Posted by Mohammed Nazari on Monday, December 29, 2014 Under: Logic First - Emotion Third
What is your motivator?
Author: Mohammed Nazari
Author: Mohammed Nazari
Brought up into a relatively religious Muslim family, I was taught to believe in God watching my every move. This was how my parents made sure I didn't do anything wrong when nobody was watching.
Any wrong doing, no matter how small, would be punished by going to hell, burning alive for eternity and suffering every single moment. On the other hand every good act would be rewarded by going to heaven, where the reward would be enjoying wine, rivers of honey and milk, the best of all in including female angels whom would never lose their virginity. I have never experienced a virgin woman and don't know what I am missing.
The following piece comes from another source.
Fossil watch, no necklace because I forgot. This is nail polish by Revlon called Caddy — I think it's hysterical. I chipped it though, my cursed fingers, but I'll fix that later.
I am not sure what a good Muslim woman would get in heaven?
The rewards in heaven are normally the things that we never had or are considered as bad/haraam in this world. I recognized the deviation in standards between heaven and earth. I believe this inconsistency creates a poor system by which to live.
This tactic, the greed for heaven and fear of hell, worked well for some time. Till one day, when I was around age 10, I was hungry and snuck an apple, that my mom had not allowed me to have, something like the forbidden apple:) Although it did taste delicious, when eating the apple, the whole time I was worried about getting caught. A few hours after my mom found out that one apple was missing. She asked me if I had one. Worried about the consequences I lied and said: no.
Around that stage in my life I had become more religious and this was the first lie I can remember. My conscious was built around heaven and hell and affected me quite a bit. A few days after I did make a confession to a friend of mine, who referred me to his mom for advice. She was a very religious lady. She justified my wrong doing by introducing me to the concept of "white lie". This meant given the circumstances it was ok for me to lie. Basically what she taught me was "lying could be good or bad, pending the circumstances". And circumstances are open to negotiation, and everyone can have his/her own way of justifying it.
Chances would have been high enough that if I had told the truth to my mom nothing would have happened anyway. She was a loving mother, like most mothers.
The "White lie" was the best way of avoiding responsibility without feeling guilty
at the cost of losing the chance of learning "dignity" and ability to deal with the facts.
The following quote is from an American Nobel prize winner, physicist Steven Weinberg:
Religion is an insult to human dignity, without it good people do good things and evil people do evil things, but for good people to do evil things it takes religion.